Sisense announced today that it has acquired Periscope Data to create what it is calling a complete data science and analytics platform for customers. The companies did not disclose the purchase price.
The two companies’ CEOs met about 18 months ago at a conference, and running similar kinds of companies, hit it off. They began talking and, after a time, realized it might make sense to combine the two startups because each one was attacking the data problem from a different angle.
Sisense, which has raised $174 million, tends to serve business intelligence requirements either for internal use or externally with customers. Periscope, which has raised more than $34 million, looks at the data science end of the business.
Both CEOs say they could have eventually built these capabilities into their respective platforms, but after meeting they decided to bring the two companies together instead, and they made a deal.
“I realized over the last 18 months [as we spoke] that we’re actually building leadership positions into two unique areas of the market that will slowly become one as industries and technologies evolve,” Sisense CEO Amir Orad told TechCrunch.
Periscope CEO Harry Glasser says that as his company built a company around advanced analytics and predictive modeling, he saw a growing opportunity around operationalizing these insights across an organization, something he could do much more quickly in combination with Sisense.
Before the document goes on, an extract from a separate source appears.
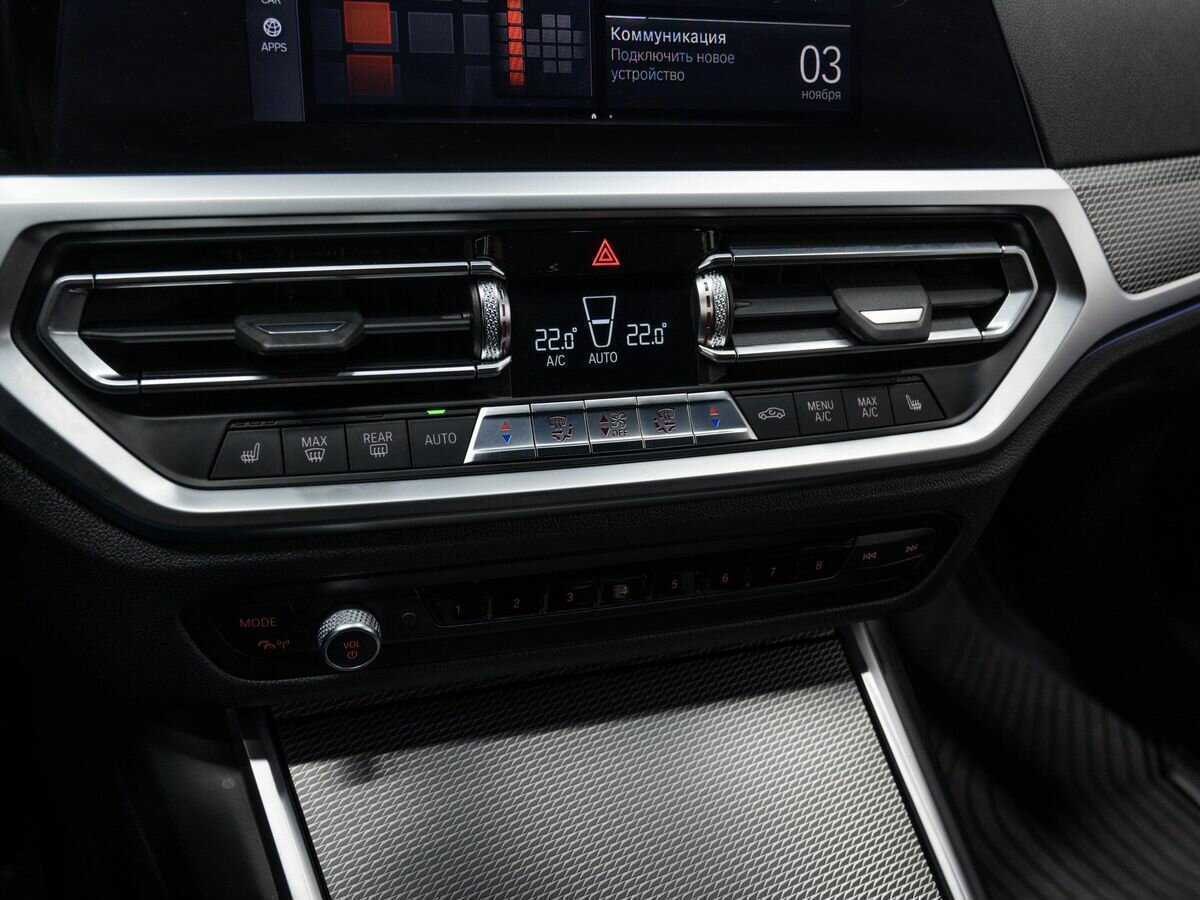 BMW 3 серии 320i xDrive, 2020 Фото №24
“[We have been] pulled into this broader business intelligence conversation, and it has put us in a place where as we do this merger, we are able to instantly leapfrog the three years it would have taken us to deliver that to our customers, and deliver operationalized insights on integration day on day one,” Glasser explained.
The two executives say this is part of a larger trend about companies becoming more data-driven, a phrase that seems trite by now, but as a recent Harvard Business School study found, it’s still a big challenge for companies to achieve.
Orad says that you can debate the pace of change, but that overall, companies are going to operate better when they use data to drive decisions. “I think it’s an interesting intellectual debate, but the direction is one direction. People who deploy this technology will provide better care, better service, hire better, promote employees and grow them better, have better marketing, better sales and be more cost effective,” he said.
Orad and Glasser recognize that many acquisitions don’t succeed, but they believe they are bringing together two like-minded companies that will have a combined ARR of $100 million and 700 employees.
“That’s the icing on the cake, knowing that the cultures are so compatible, knowing that they work so well together, but it starts from a conviction that this advanced analytics can be operationalized throughout enterprises and [with] their customers. This is going to drive transformation inside our customers that’s really great for them and turns them into data-driven companies,” Glasser said.